British Rowers to Attempt Arctic Ocean Crossing

Two British rowers are gearing up for what promises to be quite an undertaking later this year. Dawn Wood, and her husband Jamie, have announced plans to row across the Arctic Ocean in attempt to set a new record for such a journey on that body of water. But as with their past rowing expeditions, the goal isn’t just to set records, but is instead about raising awareness of the increasing challenges that the Earth’s oceans currently face.

Dawn and Jamie’s journey is set to begin in Tromso, Norway this August. After setting out from that city, their goal is to row north to Svalbard, covering approximately 1000 miles (1600 km) in the process. If they are successful, they would set a new mark for the furthest distance north any open-water expedition has ever reached in a rowboat. Even during the summer, they’ll face cold temperatures, frigid water, and challenge storms, although August is likely to be the most stable month to undertake such a voyage.

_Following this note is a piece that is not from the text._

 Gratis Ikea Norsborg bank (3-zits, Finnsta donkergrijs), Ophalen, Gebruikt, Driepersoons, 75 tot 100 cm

For Dawn, this will be a return to long-distance ocean rowing. Last year, she made a solo row across the Atlantic Ocean, becoming the second fastest woman to ever complete that journey. Starting in the Canary Islands and ending in Barbados, she made the 3000-mile (4800 km) journey in just 53 days. That effort was all about raising awareness about the impact of plastics on the ocean, which Wood witnessed first hand throughout her Atlantic row. Even in the middle of the ocean, she found traces of trash that had been deposited into the water, where few places are still untouched by man.

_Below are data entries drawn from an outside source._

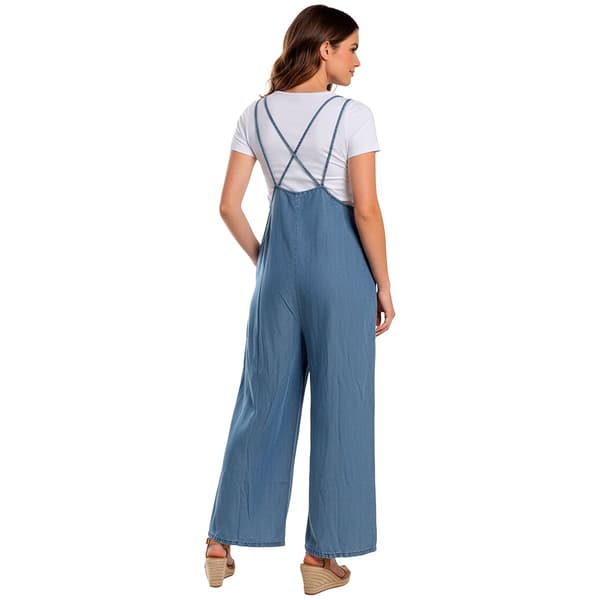Juniors Hunter & Brown Denim Tencel Overall Jumpsuit
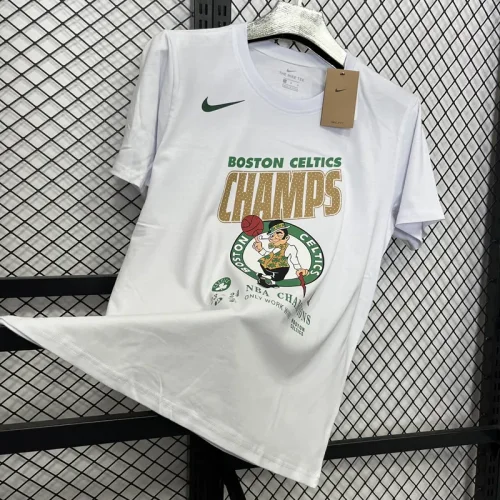 T280 Celtics White High Quality Casual T-Shirt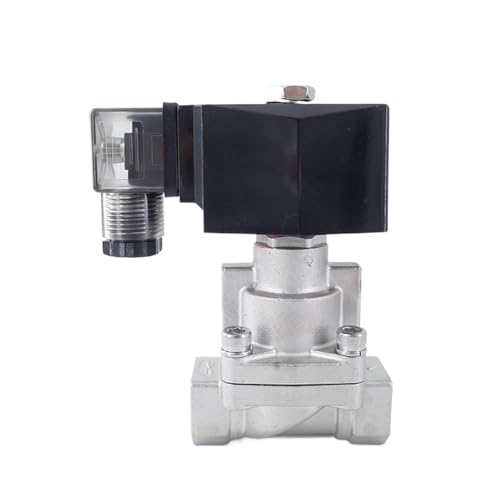GSPZ 25 bar SS304 High Temperature 2-Wege-Steam-Solenoidventil 3/8 G1/2 Zoll 3/4 1 Zoll DC 12 V Orifice 15 mm/20 mm/25 mm, normale Schließung (3/4 Zoll, AC 220 V) von ADLTXZNNR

This time out, Dawn’s goal is much the same, although she is looking forward to having a bit of company on this trip. Although only a third the length of her Atlantic crossing, rowing across the Arctic will present its own set of challenges, which is why she is happy to have husband Jaime along for the ride. For now though, the husband and wife team are still in the training and preparation phase, so look to hear more about this endeavor later in the summer.